Neulich lud die Schule wieder zum Elternabend, es ging um die Klasse unserer Mittleren. „Geh du bitte“, bat ich Elsa, „heute ist mein Skatabend.“

„Oh nein, Schatz, das ist deine Aufgabe, ich habe an meiner eigenen Schule schon genug Elternabende.“

Sie blieb unerbittlich, seufzend ergab ich mich meinem Schicksal. Im besten Falle lösen Elternversammlungen bei mir große Müdigkeit aus, manchmal sogar Melancholie, dann quält mich die Frage, warum ich soviel meiner Lebenszeit sinnlos vergeuden muss. In besonderer Weise sind mir Elterndiskussionen über die Höhe des Taschengeldes bei Klassenfahrten verhasst.

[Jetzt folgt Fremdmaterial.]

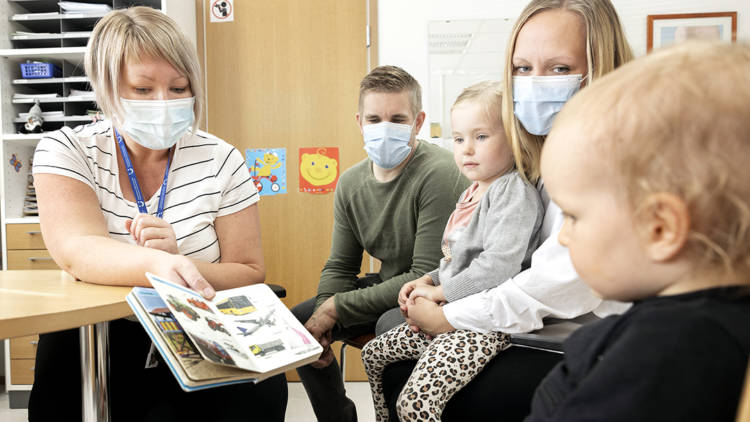 Terveydenhoitaja Ulrika Bärnas istuu työpisteellään kirjoituspöydän ääressä. ja näyttää perheelle jotain kirjasta.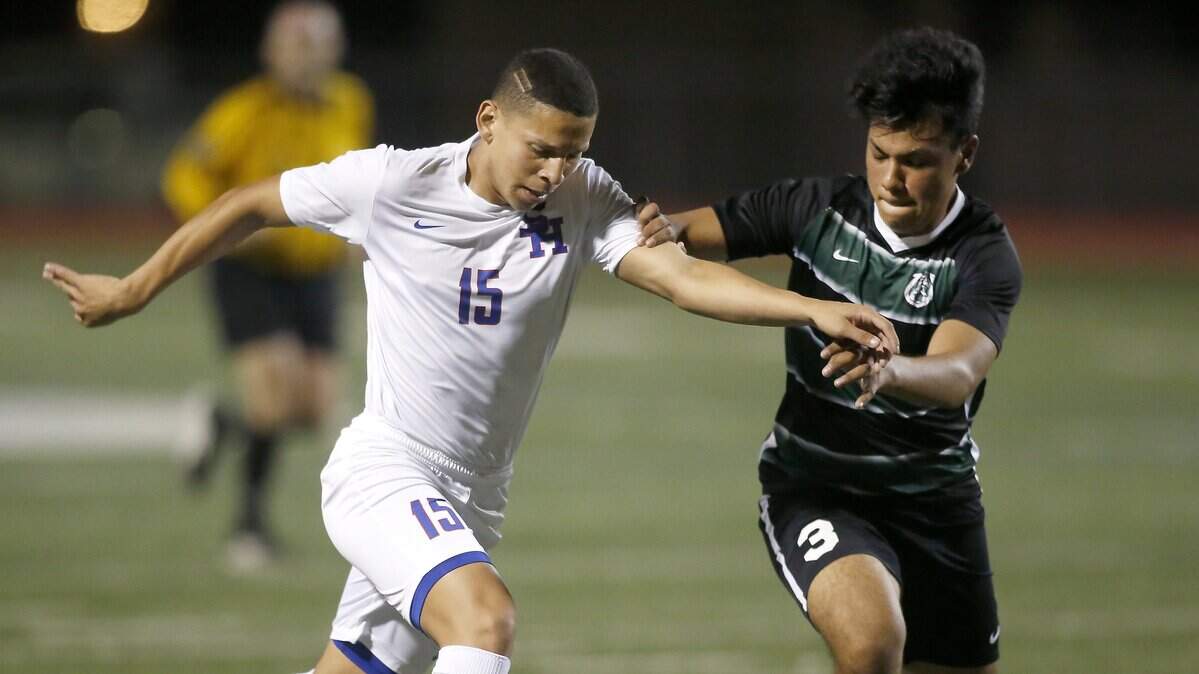 Sam Houston Texans striker Jose Ortiz (15) battles with Arlington High's Jason Garcis during first-half action at Wilemon Field in Arlington, Texas , March 23, 2018.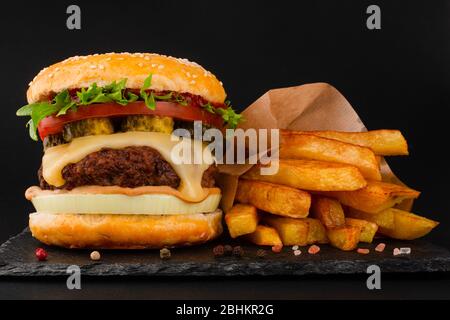 Ein großer klassischer Hamburger mit pommes frites auf schwarzem Steinteller auf schwarzem Hintergrund und Platz für Text Stockfoto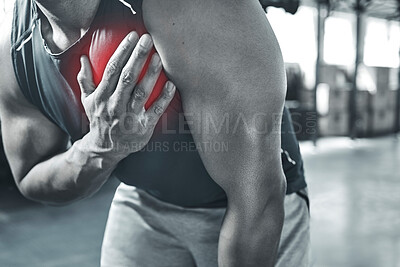Buy stock photo Is this a heart attack? Trainer experiencing chest pains at the gym. Hand of a bodybuilder touching his chest in pain. Red CGI spots are used to show pain. Your heart may be in danger with exercise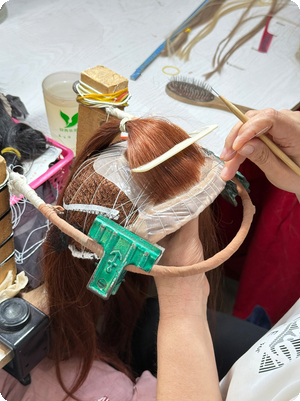 SHY Hair craftsperson working on a custom wig cap secured to a head mold at the workbench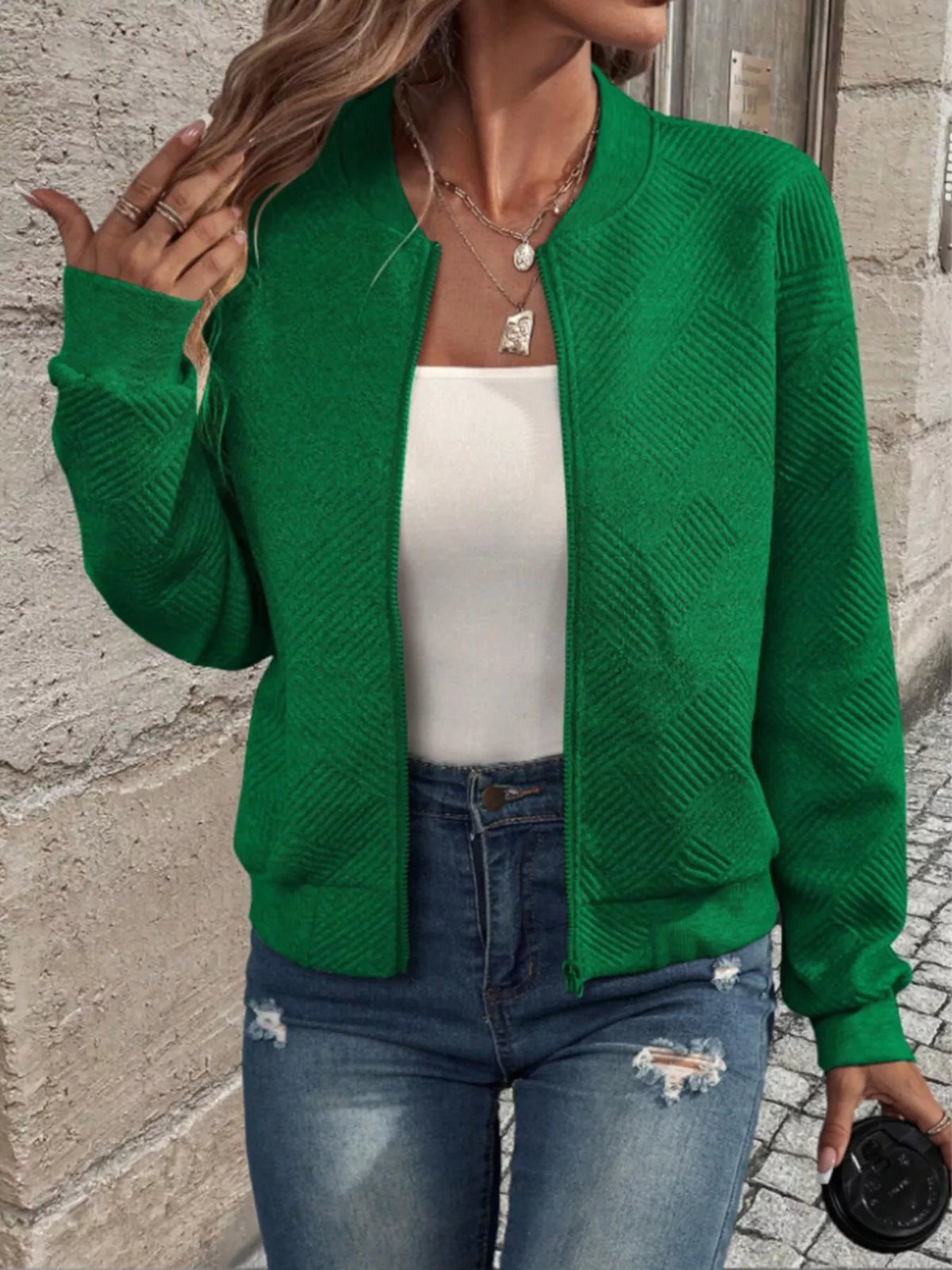 Green textured knit zip-front bomber jacket, long sleeves, ribbed cuffs and hem.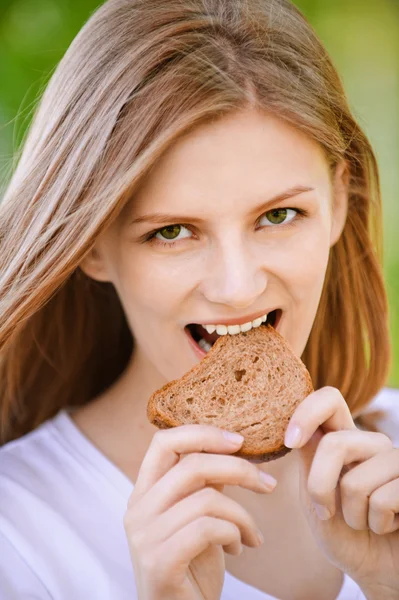 Mulher morde pedaço de pão — Fotografia de Stock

Ich ertrage sie nur, indem ich in eine Art Wachkoma verfalle. Es geht zwar nie um große Summen, aber Tarifverhandlungen im öffentlichen Dienst sind dagegen eine Spaßveranstaltung. Erbittert wird um jeden Euro mehr oder weniger gerungen, selbstverständlich pädagogisch immer auf der Basis neuester Ratgeberliteratur. Sich gegenseitig zum Duell aufzufordern, wäre einfacher und effektiver. Ich würde mich gerne als Sekundant zur Verfügung stellen, allerdings fehlt es den Streitern für richtige Erziehung an Satisfaktionsfähigkeit.

Manchmal kommt mir sogar der Verdacht, Elternabende werden nur veranstaltet, um den Erziehungsberechtigten vorzugaukeln, dass sie etwas mitentscheiden könnten: Demokratie im Klassenzimmer ist machbar, Herr Nachbar. Über dreißig Kinder in einer Klasse? Bis weit in den Nachmittag Unterricht? Turbogymnasium? Klausuren ohne Ende? Schulstress? Warum sich mit solchen Nichtigkeiten beschäftigen, wenn es um Taschengeldfragen geht!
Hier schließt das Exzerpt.